There were no more imports from the Mediterranean – wine, olive oil, tableware, jewelry, spices, wheat. Nor was there any market to buy them in… or any money to buy them with. The mints closed. The only money still around had been minted before the Roman Empire collapsed.
People still made earthenware pots and bowls, but they were crude; the potters had forgotten how to make a pottery wheel, and how to get the fine clay they needed.
Farming techniques, tools, and organization were dealt a blow, too – perhaps because so many people died in the Barbarian invasions. Crops were stolen or destroyed. Barns were burnt. Cows, pigs, horses, and chickens were taken away or slaughtered. Fields, pastures, estates, farms, and gardens went “back to nature.”
Gone forever was the gracious, orderly life of the Roman era – with running hot and cold water, courtyards, and frescoes.
In its place, were rude wooden huts with dirt floors. Gone, too, were the books… the essays… the ideas and the histories.
Today, there are about 1,200 written works surviving from the Classical Period – Ancient Greece and Rome. There are some from the “dark ages,” too – but they are few and mostly religious texts. No Euclid. No Aristotle. No Plutarch or Pliny.
Many of these old “classical” works survived the “dark ages” only because they were hidden away in monasteries… had been translated into Arabic… or copied by monks, who may not have had any idea what they were copying.
One of those monasteries, along the Blackwater River, just down the hill from us, was called Molana.

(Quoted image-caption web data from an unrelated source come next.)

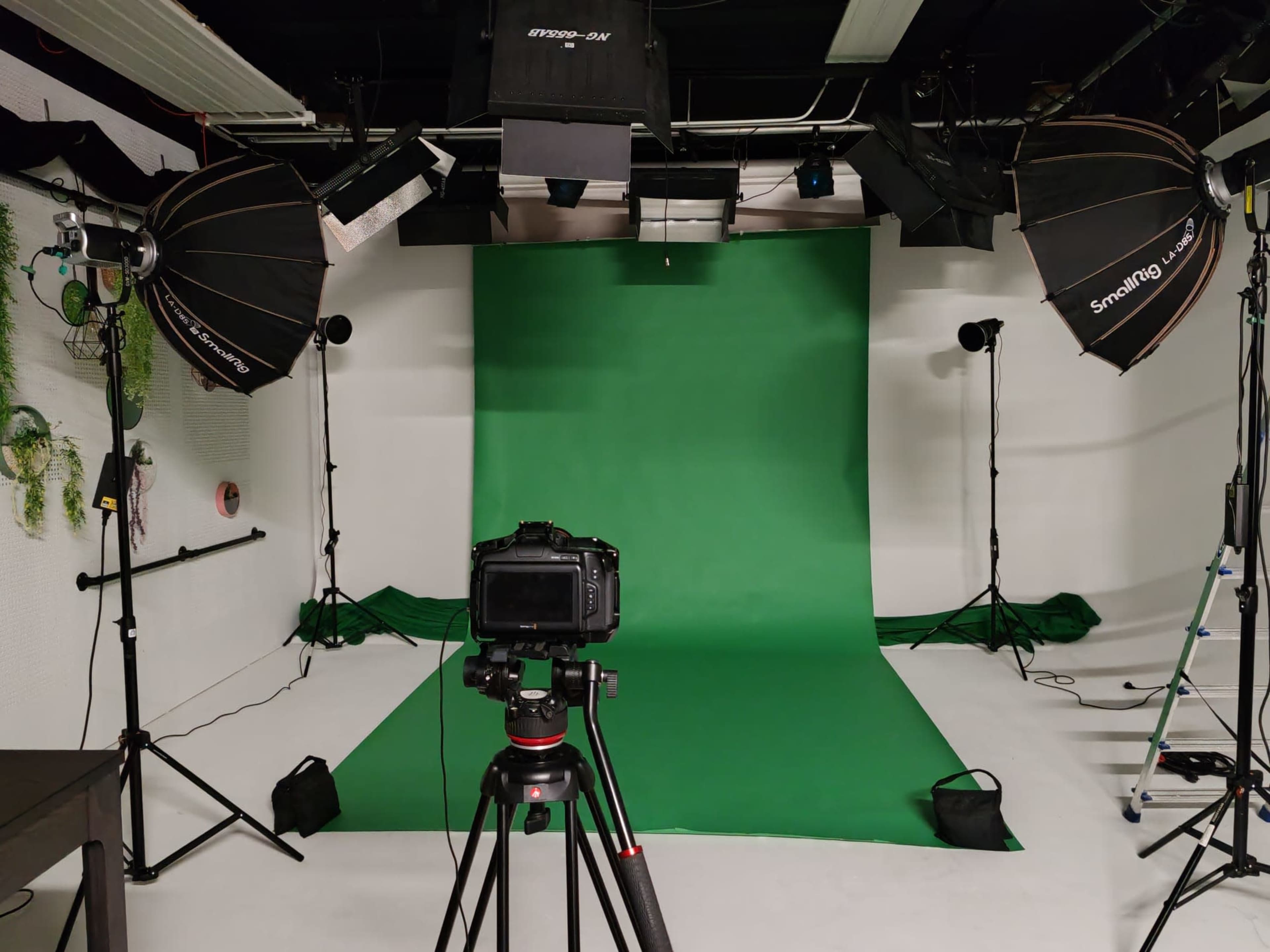 A photography studio is set up with a green backdrop, studio lights, and a camera on a tripod facing the backdrop.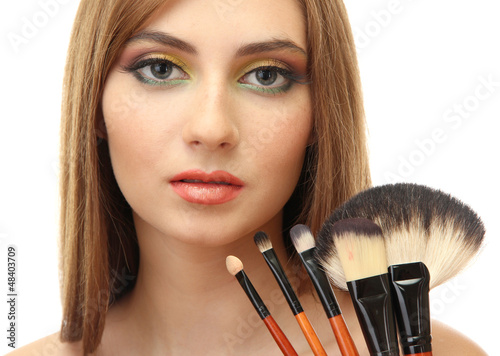 Photo: portrait of beautiful woman with make-up brushes, isolated portrait of beautiful woman with make-up brushes, isolated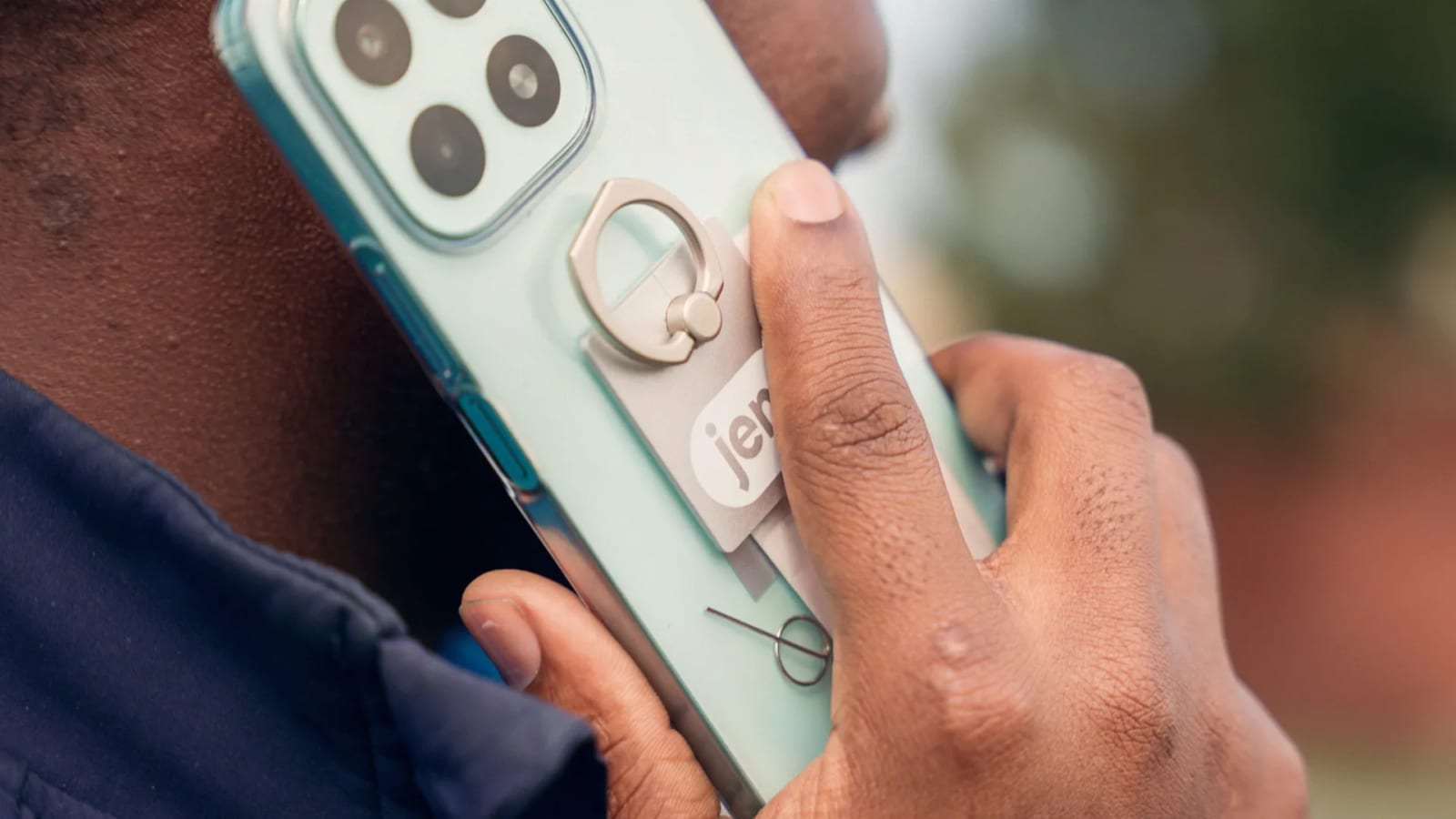 A pair of hands holding a phone in a mint green case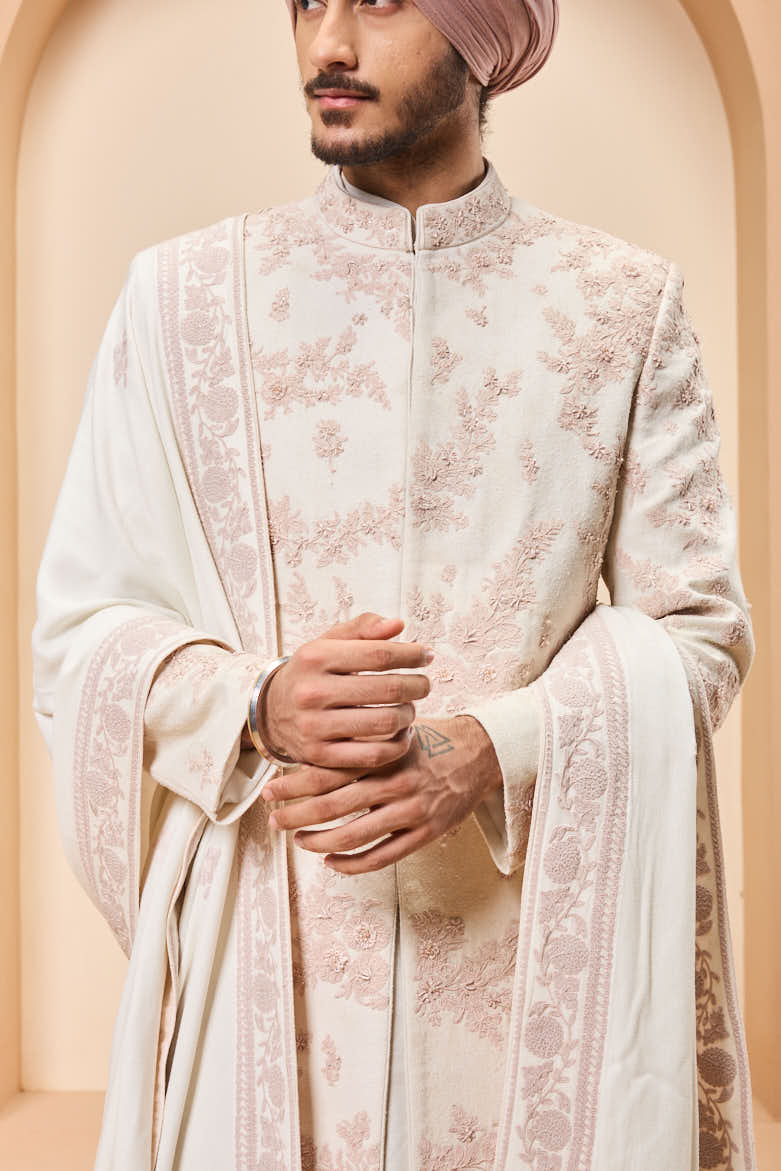 Ivory sherwani detailing with pearl,sequins and thread work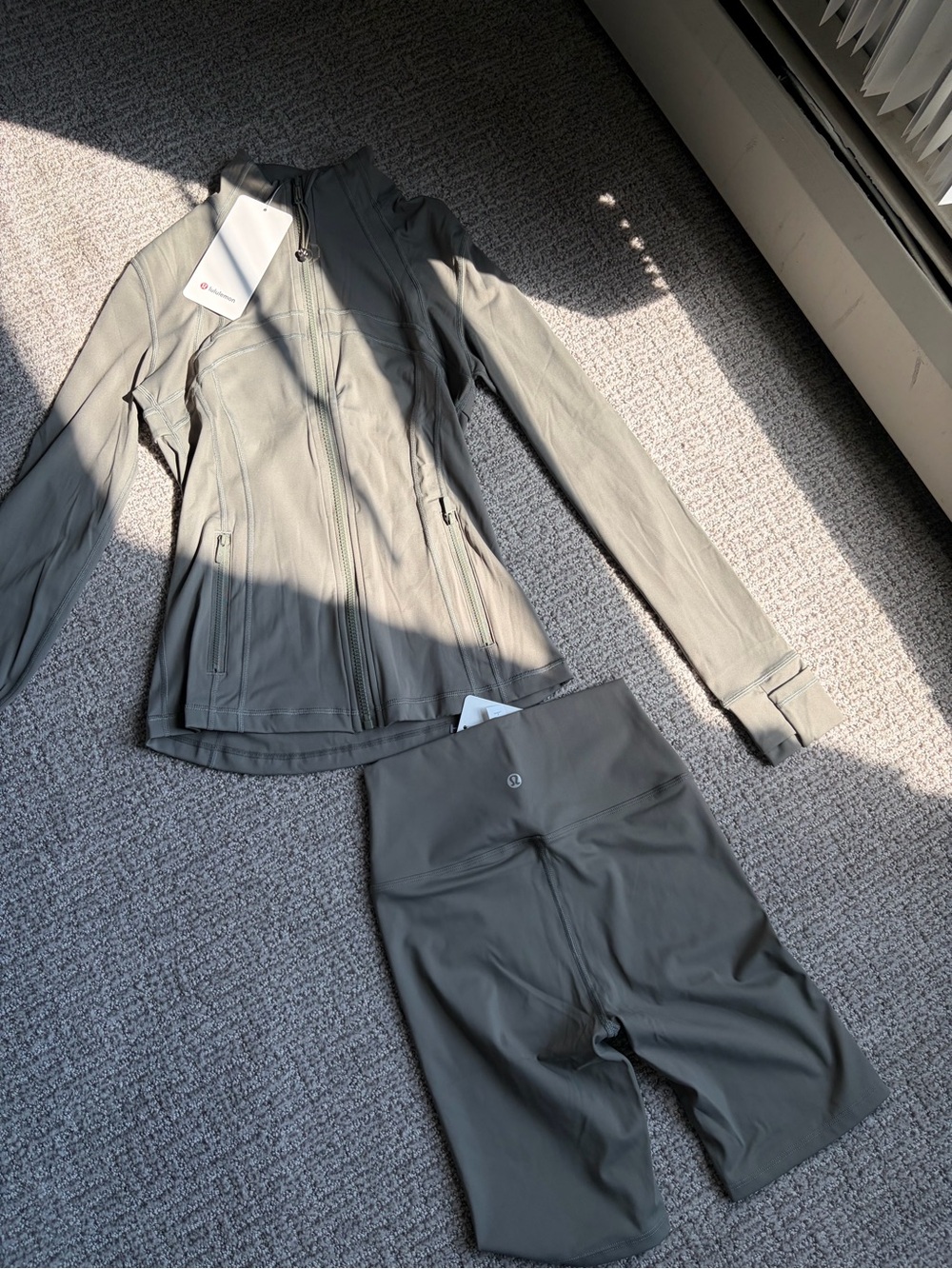 athletica Olive Green Jacket and High-Rise Bike Shorts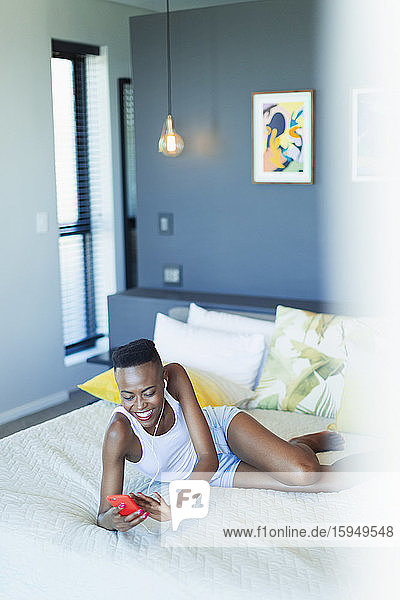 Smiling young woman relaxing on bed  listening to music with headphones and mp3 player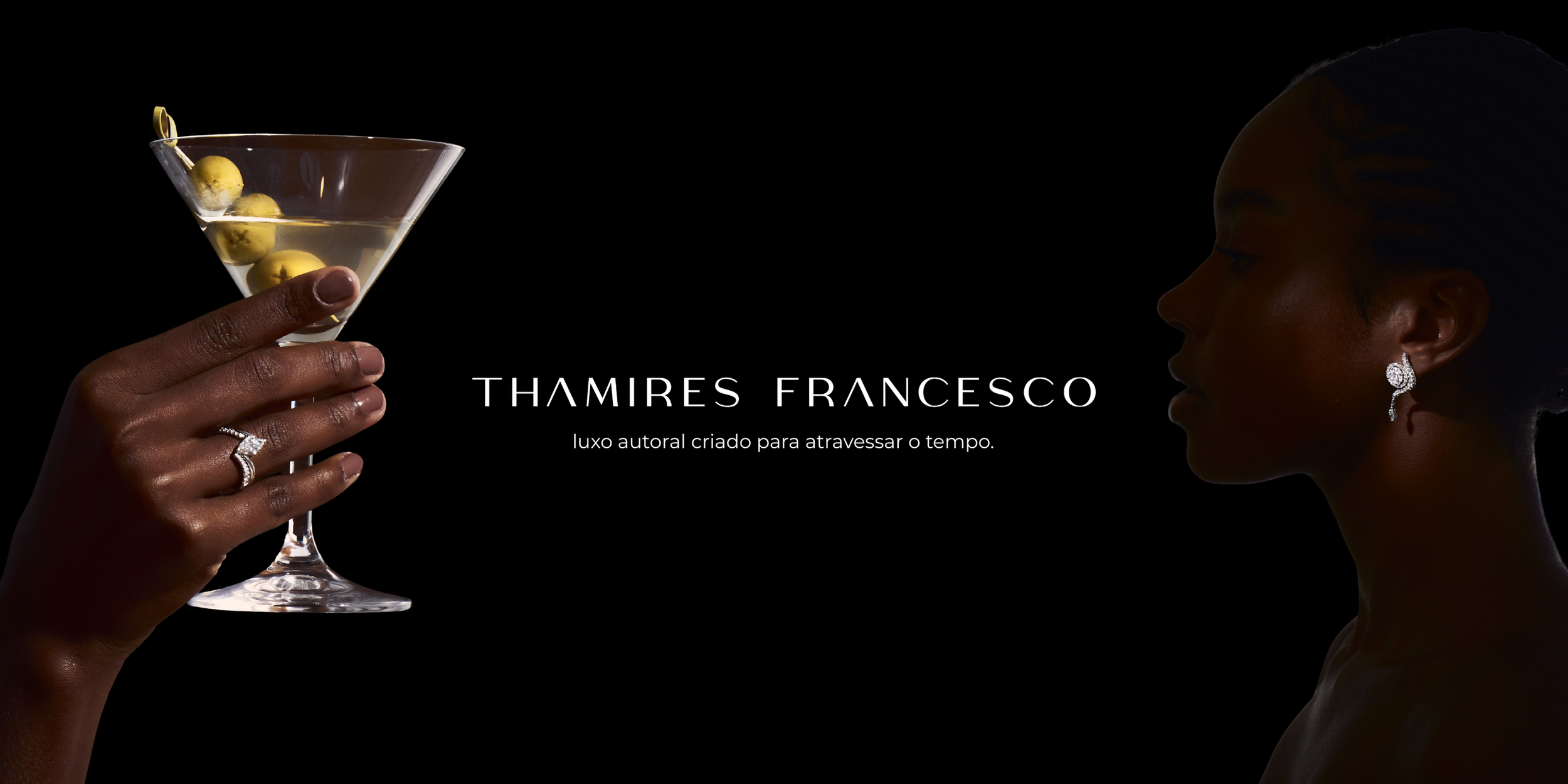 Homem segurando uma taça de coquetel com a mão, usando jóias elegantes, com uma mulher de perfil ao fundo contra um fundo preto.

Molana Abbey (Source: Geograph.ie)
It was founded in 510, but the ruins we see there now were built by Raymond Le Gros (Fat Raymond), one of the Norman conquerors of the 12th century. Raymond was a lieutenant of the Norman leader Richard de Clare, also known as Strongbow.
He is also thought to be the builder of the castle on the other side of the road from our lodge house. The stone work there – as well as the scale of it – is different from that of most of the buildings and walls you see in Ireland. It is older. Bigger. The walls are thicker and higher, too.
The castle walls are still there… broken in some places, bent in others. They, too, speak to the upside and the downside.
Protection from the Enemy
It must have taken an army of masons – or slaves – to put them together. Perhaps, when the last of the Viking raiders came up the river, the locals took shelter behind the castle walls. Or maybe they used them to protect themselves from the English, who invaded later.
Or from each other, for the Irish were always quarreling – the O’Briens against the O’Donnells against the O’Tooles against the McMahons… against the McSweeneys… against the McCravashys and the Sheehans… and on and on.
There were ups and downs for them, too. It’s amazing any of them survived.